While all this is going on, we have are having the big drought noted above. As is rather obvious from the front cover, the drought doesn't last long. Not too surprisingly Mitchell sees it coming and is able to warn his clients of the coming doom, and oddly enough, they believe him and take necessary actions. But Mitchell, and Jane, a young lady coworker, are not allowed by their evil boss, Mr. Charnoble, to get out of New York and are caught up with all the flooding.
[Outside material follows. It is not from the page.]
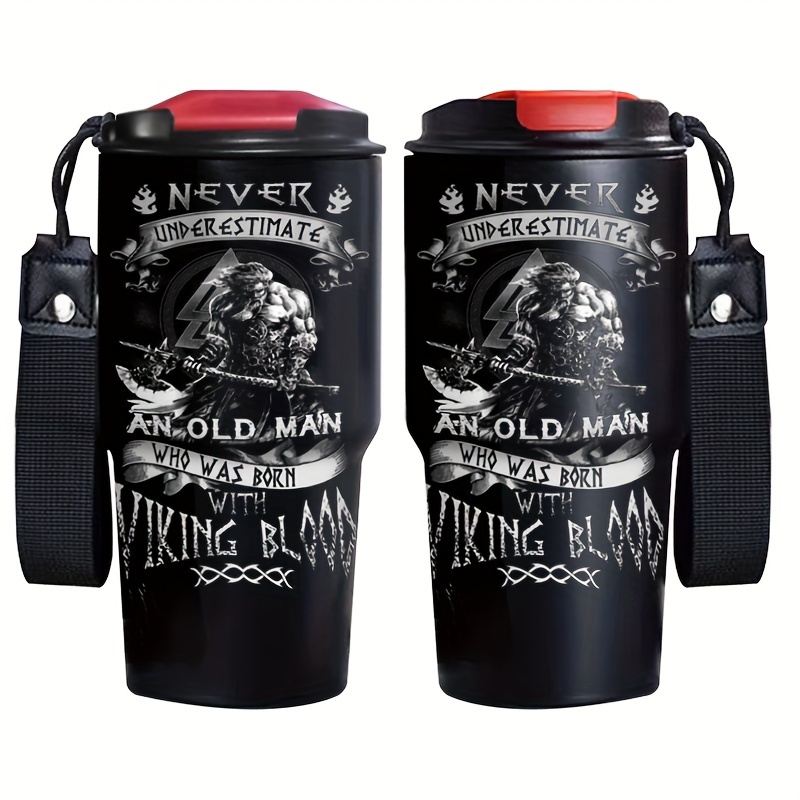 

Viking Blood: Never Underestimate - 20oz Stainless Steel Insulated Travel Mug With Lid And Strap - Perfect For Cold And Hot Drinks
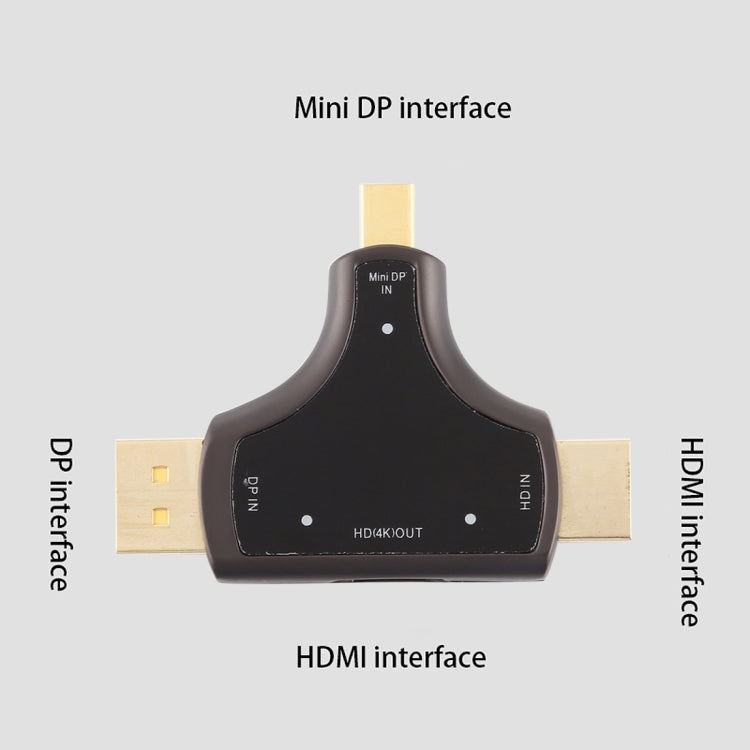 Adaptador 3 em 1 D62A DisplayPort + Mini DP + HDMI Macho para HDMI Fêmea, D62A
From there we get an at times humorous, never particularly frightening escape from New York scenario. The story continues on from there with a number of interesting, but not very direct, comments on reality, disasters, the meaning of life, etc. Neither Elsa, nor Mitchells differing scenarios make too much difference in the eventual outcome of the novel, and for reasons that are a little unclear, they come to almost switch life styles and view points on what constitutes a coherent life strategy. Poor Jane, gets drag along for the ride, but with her practical, mercantile disposition, she seems to come closest to getting what she wants in the end.
Did I like it? It was interesting. At 306 pages, it read fairly quickly. Not a page turner through most of the length, but with enough odd little bits of wisdom and anecdotes to keep it interesting. The various back and forth swings in character actions through the book do make for some confusion, and based on the information on hand, it seems like many of the characters are prime candidates for being swept away by some future hurricane. In net, I would give it a qualified recommendation.
We now come to our two descriptive (not qualitative) ratings: 1 to 7 with 4 the mid-point and 7 high. Realism does not include the cause of the collapse or apocalypse, but is otherwise an assessment of how close to today's world is the setting. Could you imagine your friends, or families living through the situation. Readability is not literary merits, but literally how quick and painless of a read.
Realism isn't really there. He notes that he did a lot of research on worst case scenarios, but after the 2004 Tsunamis and Katrina, of the world's coast-bound people, only a New Yorker, would be surprised by the worst-case scenarios. Much like J.G. Ballard, who he notes as an influence, direct realism is not the main point: the point is reaching a higher realism through satire. There is a fair amount of poking fun, and humor, and much of the entire affair has a light breeziness to it that makes it difficult to take seriously in the immediate danger sense. So when we see that the idyllic back woods of Main have descended into some sort of Hobbesian hell, it is not a Heart of Darkness moment where we are paralyzed by "the horror". It does bring a number of valid points about what people, and life in general, are actually like in a real-world crises so I will give it a relatively high mark for a satire: a 3.
Readability is a little harder. It is light and breezy. It moves along well. But it is difficult figure out what the point of all of this is. None of the solutions, recommendations, proposed within the novel seem work really well. If you stay on the coast your swamped. If you go rustic, and live in the back woods, the pampered, terrified hordes fleeing the disaster will find and you swamp you in a different fashion. Still, if you ignore the confusion towards deeper meanings I think you can get to a literary 5.